▸ WORK TASK
Whatever comes before the line containing "Real Zaragoza Starting" stays out; transcribe that line and all that follow to the end of the records exactly, with no pictures.

[Web page caption snippets]

▽

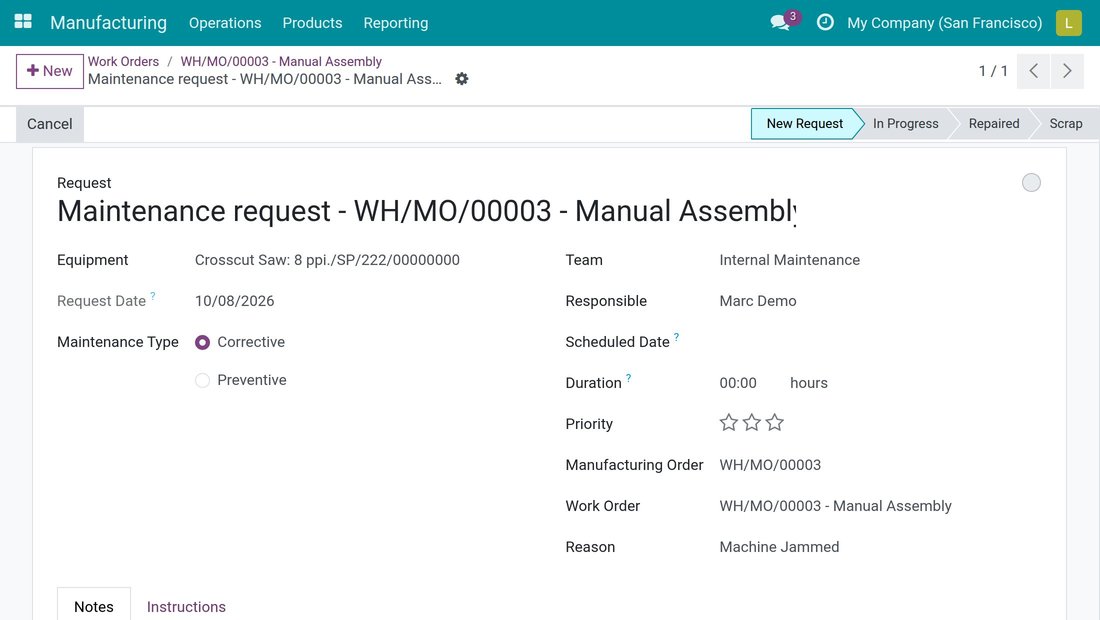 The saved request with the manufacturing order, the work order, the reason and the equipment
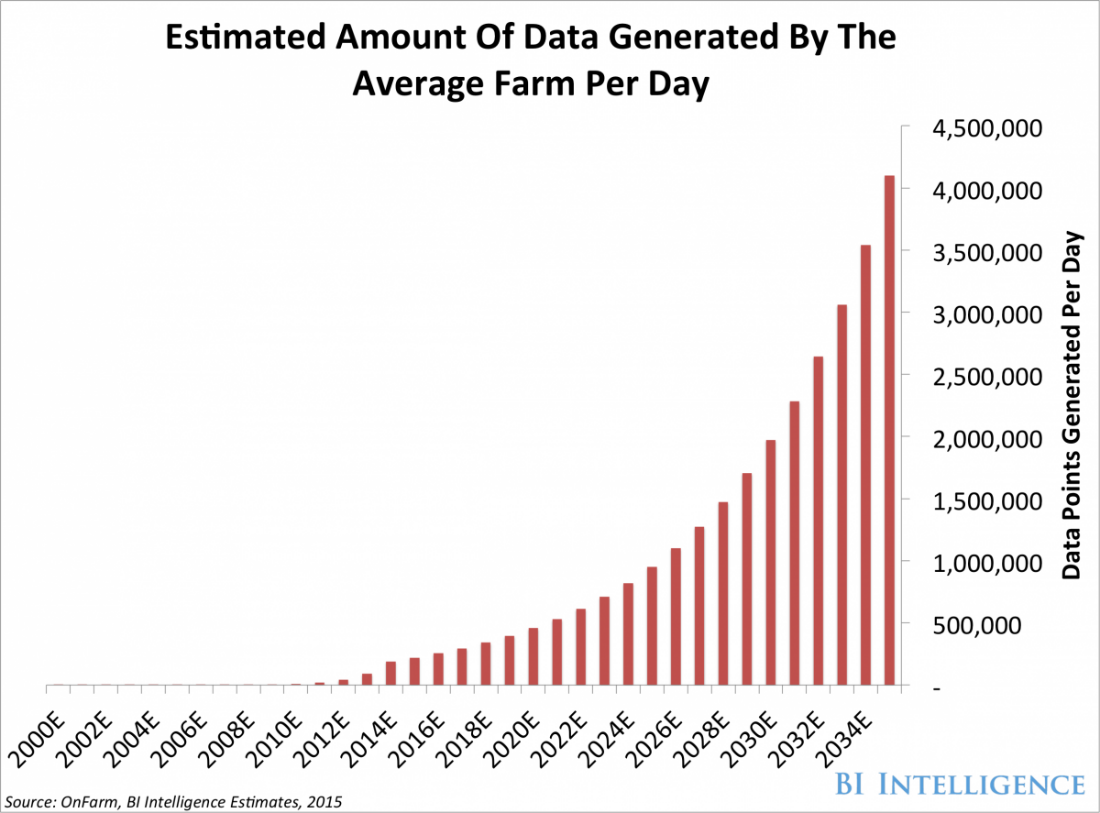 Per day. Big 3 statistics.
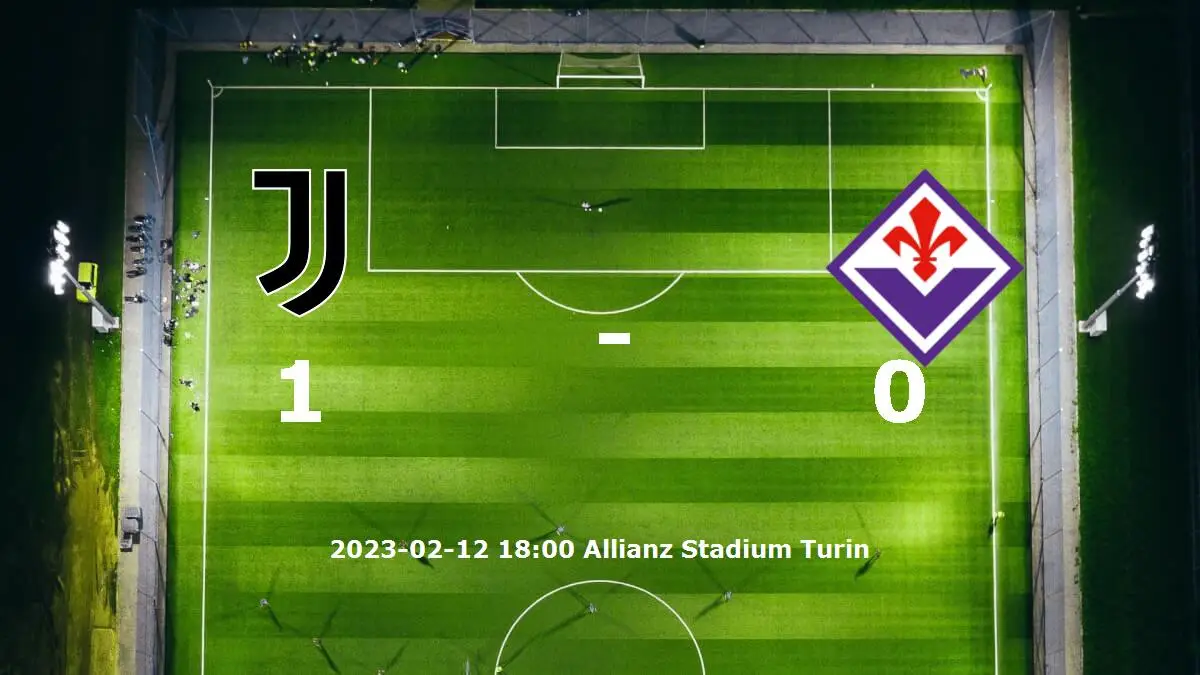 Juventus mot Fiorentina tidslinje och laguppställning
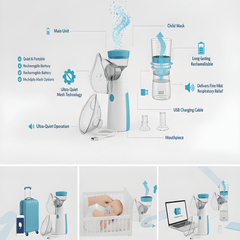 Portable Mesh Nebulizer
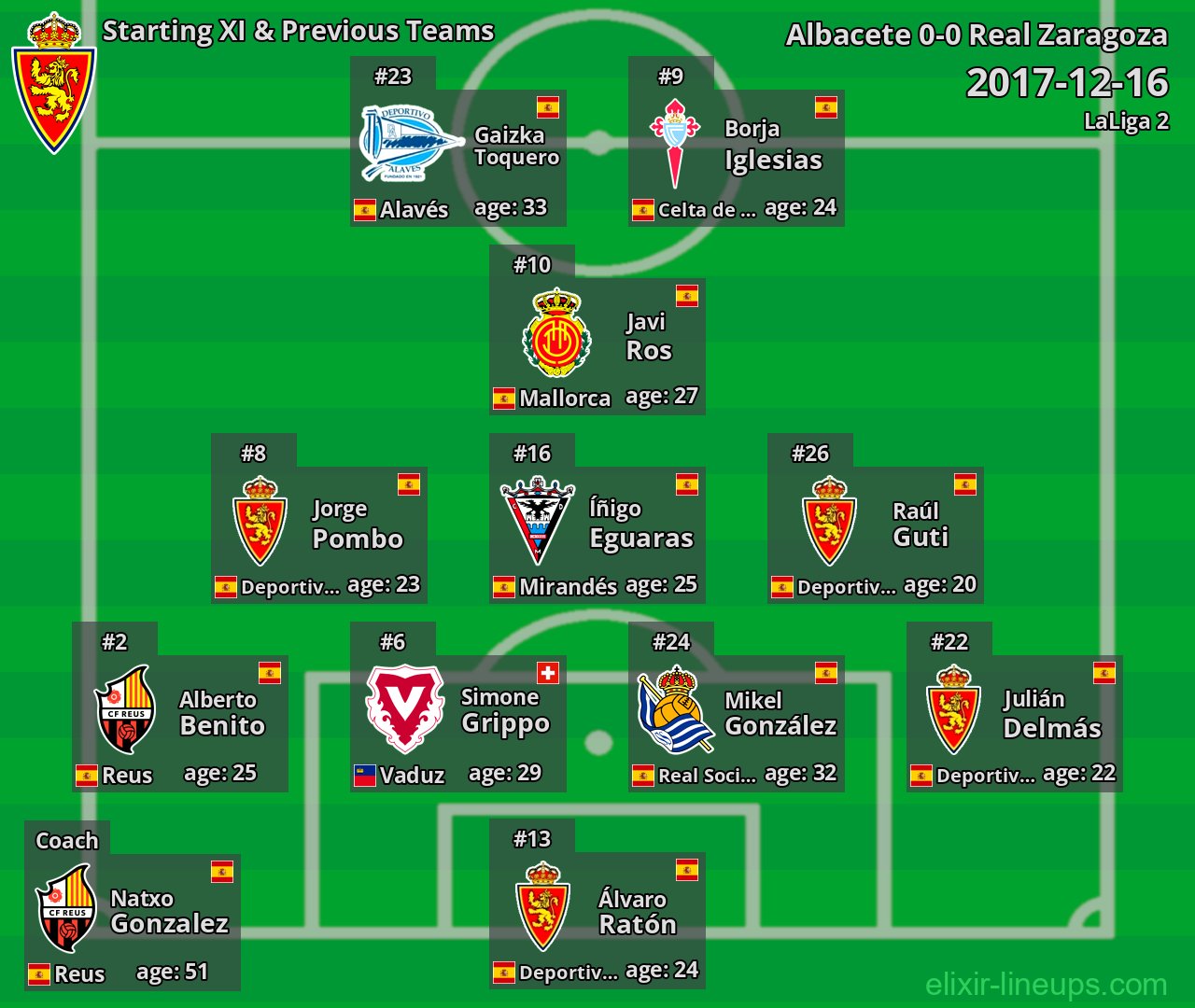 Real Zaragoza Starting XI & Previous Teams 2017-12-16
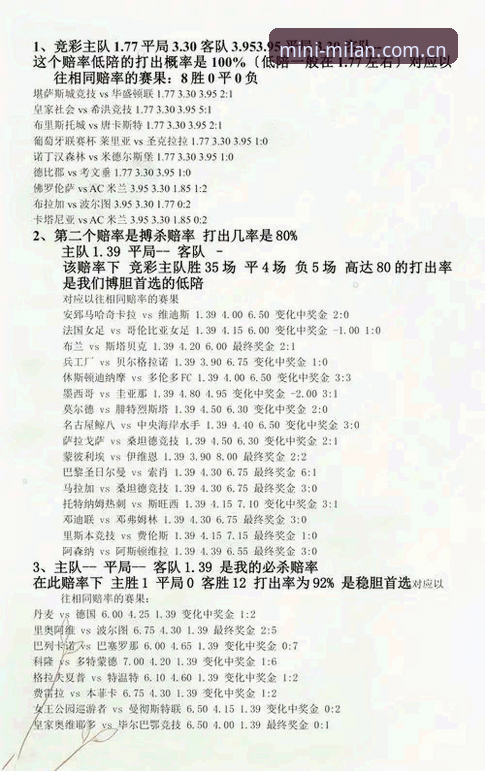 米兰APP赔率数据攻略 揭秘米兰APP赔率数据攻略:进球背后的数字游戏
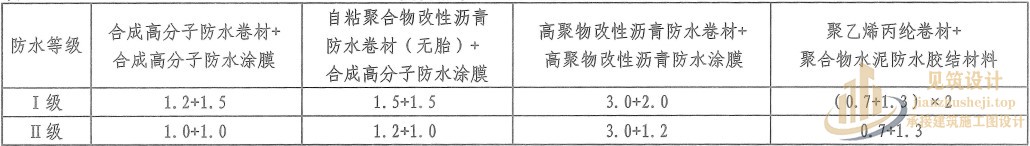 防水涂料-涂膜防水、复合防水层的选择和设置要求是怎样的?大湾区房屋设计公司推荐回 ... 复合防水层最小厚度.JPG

△

▸ RESPONSE
 Real Zaragoza Starting XI & Previous Teams 2017-12-16
 米兰APP赔率数据攻略 揭秘米兰APP赔率数据攻略:进球背后的数字游戏
 防水涂料-涂膜防水、复合防水层的选择和设置要求是怎样的?大湾区房屋设计公司推荐回 ... 复合防水层最小厚度.JPG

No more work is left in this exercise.